The wartime memories of a Plaistow-born evacuee who rubbed shoulders with figures including Lord Beaverbrook and General Eisenhower are recalled in a new book written by her son.

A Summer Interrupted tells how Eileen Barnett was taken from her family in Libra Road at the age of 12 to spend the Second World War in rural Somerset.

But rather than living with farm labourers, she found herself transported by Rolls Royce to Hatch Court, the country manor house of military hero Hamilton Gault.

She was charged with looking after his three children — Dennis, Charles and Marie — and during her stay met major Allied leaders.

It was there, in 1943, aged 16, that she met American Sergeant Bob Burns, eventually returning with him to Texas, where she still lives, as one of 83,000 war brides in 1946.

The book has been a labour of love for their son, 58-year-old insurance consultant Mike Burns, who started researching his mother’s life in 1987.

“I was growing up in the States with my parents and my mother started talking about her life,” he said.

“It was fascinating and because I’m a student of military history and I asked her to start writing down the things she could remember.

“It was not just the terrible evacuation and losing touch with her parents, but life in the country and the fact that she literally became a parent herself, aged 12.
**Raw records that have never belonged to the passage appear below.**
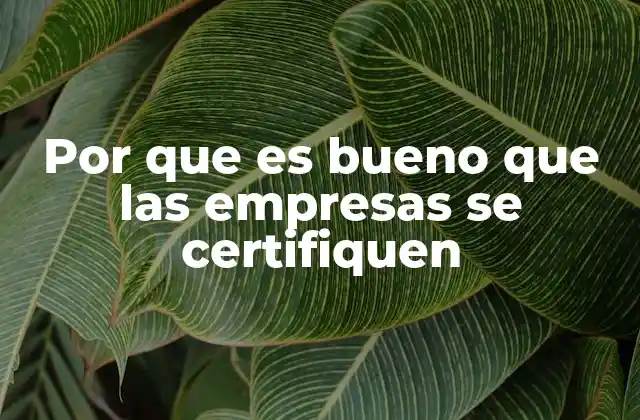 Por que es Bueno que las Empresas Se Certifiquen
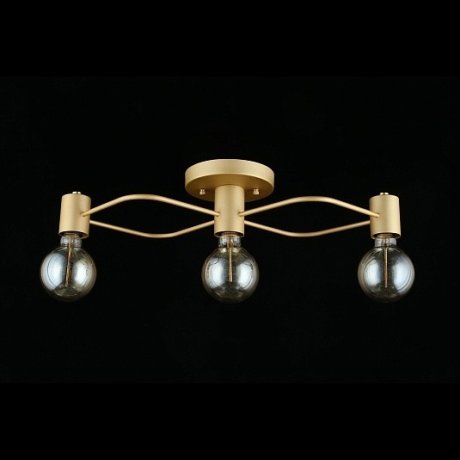 Потолочный светильник Aployt Elison APL.911.07.03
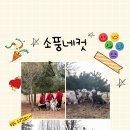 즐거운 애견 이미지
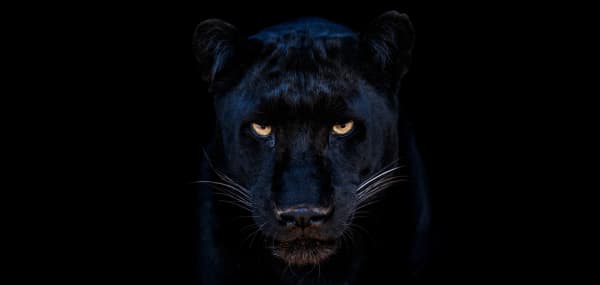David Yarrow, The Black Panther Club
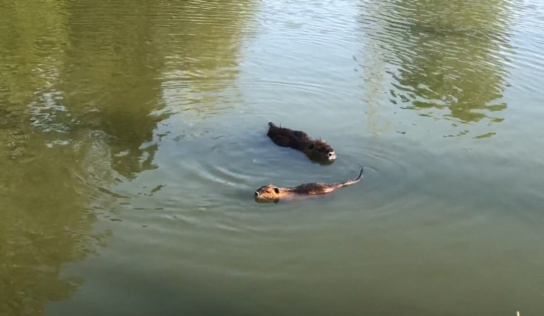 V centre Nitry sa premnožili nutrie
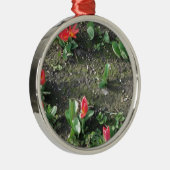 Blütenpracht im Park Silbernes Ornament (Rechts)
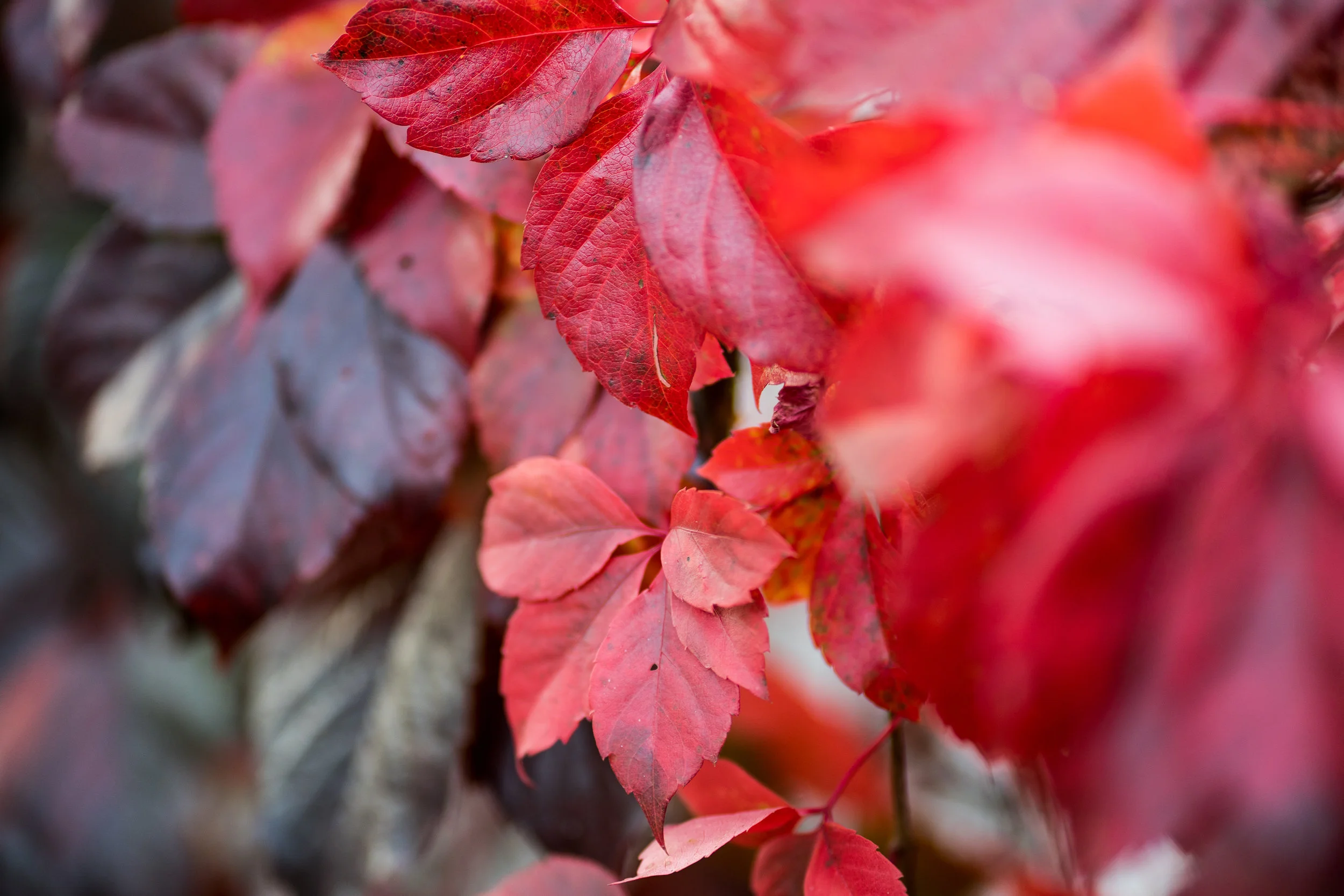 Autumn is here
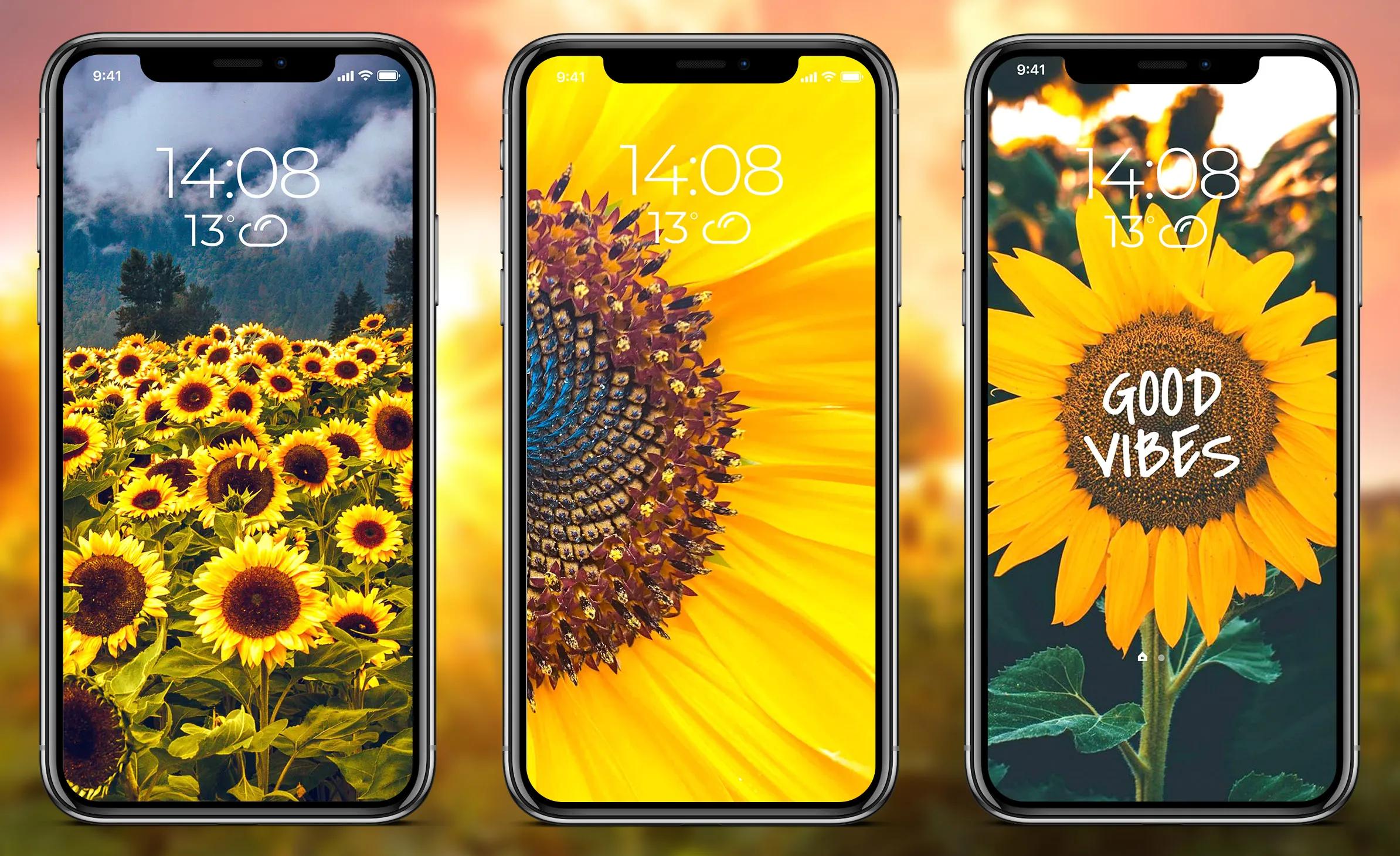 Sunflower Wallpapers | Indus Appstore | Screenshot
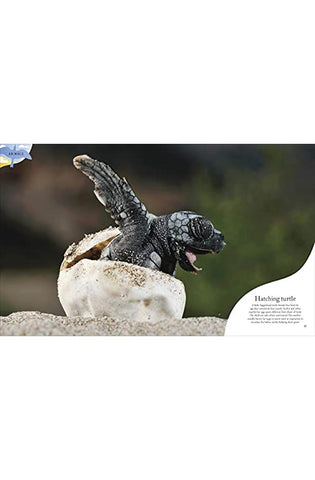 Image of Nature's Treasures: Tales Of More Than 100 Extraordinary Objects From Nature (DK Treasures)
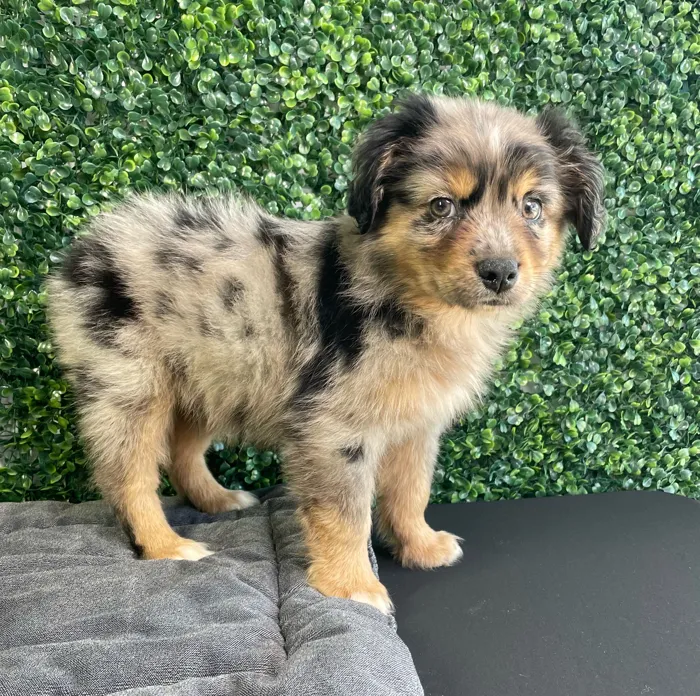 Male Australian Shepherd puppy named Sully for sale at Puppy Dreams - West Little Rock.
“I carried out a tremedous amount of research, partly because I wanted to make sure it was accurate.”

That included visiting Hatch Court to inspect the visitors book and a trip to Plaistow with his mother, now 85.

“For her, it was kind of a revelation,” said Mike. “She had not been back to the area since the end of the war.
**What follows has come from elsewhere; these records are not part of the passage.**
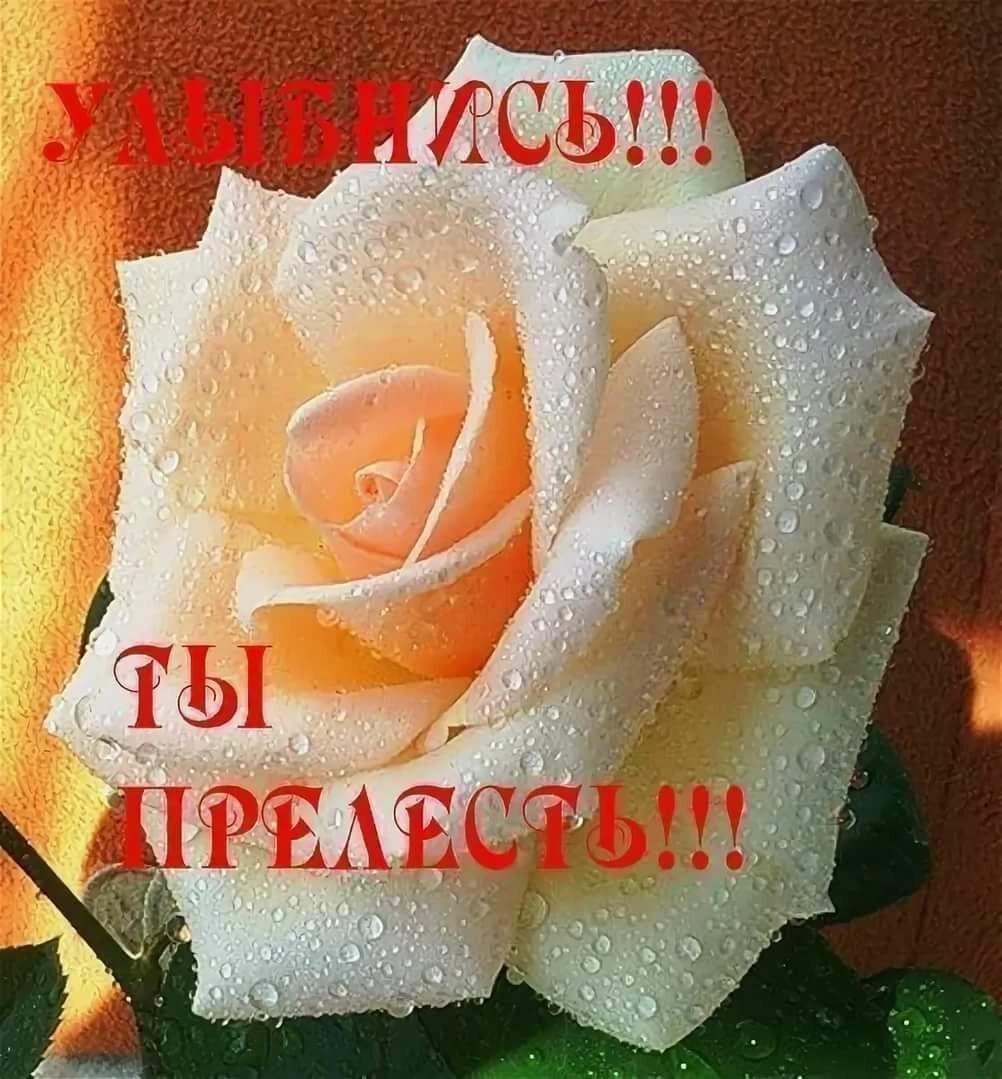 С добрым утром в день рождения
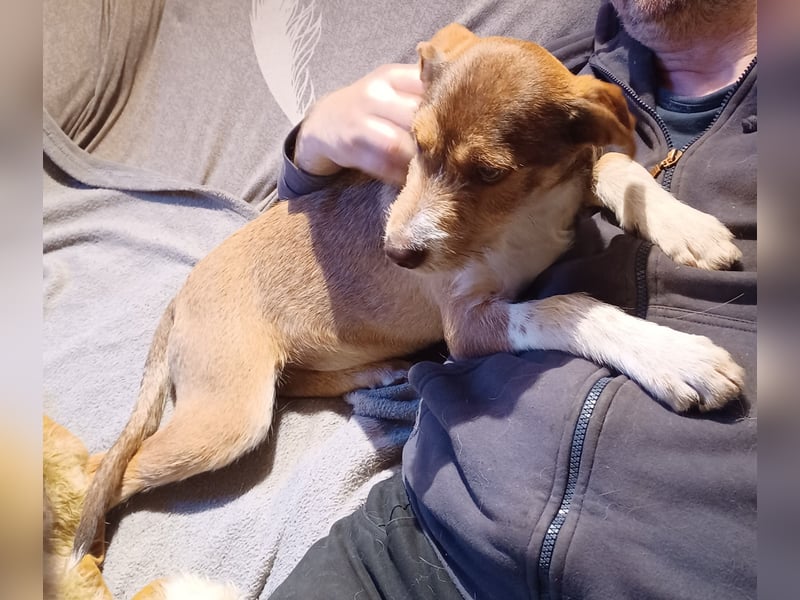 Valerio, a.d.Tierschutz, sucht Happy-Home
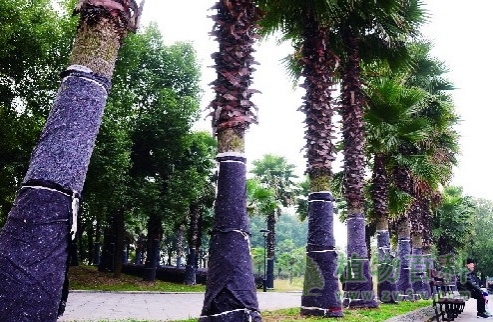 家里畏寒的植物也要盖上“金钟罩”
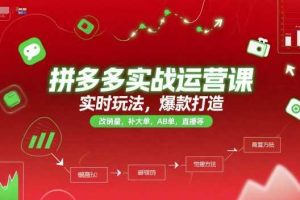 拼多多实战运营课，实时玩法，爆款打造，改销量，补大单，AB单，直播等（更新2025月）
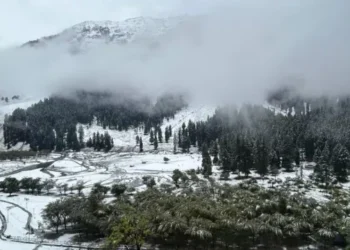 Intense Snowstorm Hits Kashmir; Several Areas Record Up to Five Feet of Snow Within Just 15 Hours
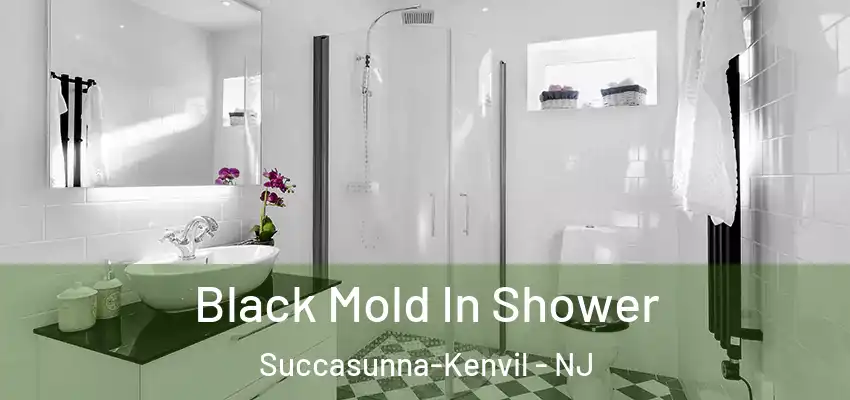 Black Mold In Shower Succasunna-Kenvil - NJ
“We went back and tried to look for her old house but of course it had been bombed and replaced with a different house on Libra Road.

“All that was left was the pub, the Libra Arms.”

Mike also tracked down the graves of his grandfather and grandmother — in Manor Park Cemetery and the City of London Cemetery — and attended the evacuees reunion at St Paul’s Cathedral with his mother in 2009.

“She really didn’t know where the graves were and it was a bit of a quest for me to find out,” he explained.

“We did have some tough discussions about why nobody had ever gone to look for them.”

He added: “When she came back in 2009 for the commemoration at St Paul’s, with all those people who had experienced the evacuation, it was the cap on her life.

“It was a moving day and I think if she never did anything else she was happy to be able to attend.”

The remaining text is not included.